**Provided information:**
+-------+

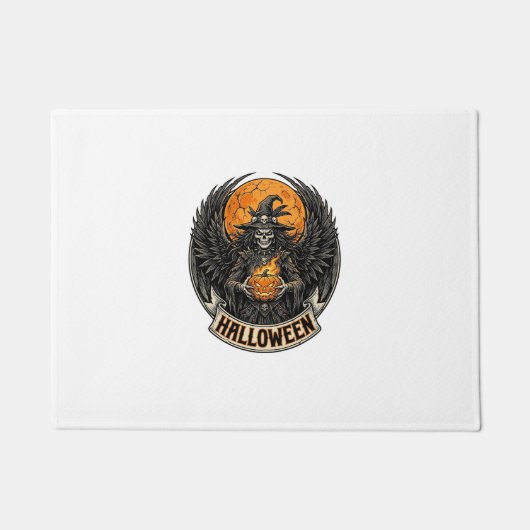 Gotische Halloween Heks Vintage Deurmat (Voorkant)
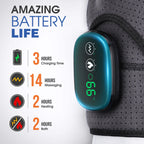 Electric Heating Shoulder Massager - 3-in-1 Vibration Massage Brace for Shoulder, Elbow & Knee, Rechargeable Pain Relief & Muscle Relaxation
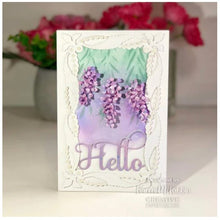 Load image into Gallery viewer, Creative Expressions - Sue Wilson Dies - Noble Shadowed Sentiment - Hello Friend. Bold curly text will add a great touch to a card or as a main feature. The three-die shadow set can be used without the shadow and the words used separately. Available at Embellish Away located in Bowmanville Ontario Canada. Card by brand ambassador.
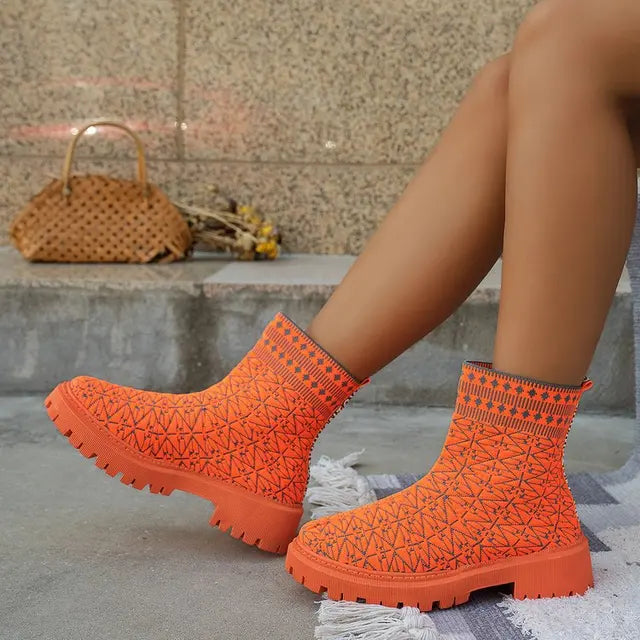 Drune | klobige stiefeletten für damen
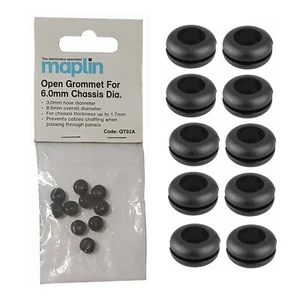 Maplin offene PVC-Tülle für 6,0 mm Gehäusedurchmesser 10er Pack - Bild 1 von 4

+-------+

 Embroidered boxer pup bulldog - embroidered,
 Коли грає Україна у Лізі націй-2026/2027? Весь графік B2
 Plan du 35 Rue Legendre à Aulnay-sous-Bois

+-------+

**Problem to work on:** Return exactly the stretch above whose first line contains "Gotische Halloween Heks" and whose last line contains "Maplin offene PVC-Tülle", and nothing outside it. The pictures should not appear.

**Exercise response:**
 Gotische Halloween Heks Vintage Deurmat (Voorkant)
 Electric Heating Shoulder Massager - 3-in-1 Vibration Massage Brace for Shoulder, Elbow & Knee, Rechargeable Pain Relief & Muscle Relaxation
 Load image into Gallery viewer, Creative Expressions - Sue Wilson Dies - Noble Shadowed Sentiment - Hello Friend. Bold curly text will add a great touch to a card or as a main feature. The three-die shadow set can be used without the shadow and the words used separately. Available at Embellish Away located in Bowmanville Ontario Canada. Card by brand ambassador.
 Drune | klobige stiefeletten für damen
 Maplin offene PVC-Tülle für 6,0 mm Gehäusedurchmesser 10er Pack - Bild 1 von 4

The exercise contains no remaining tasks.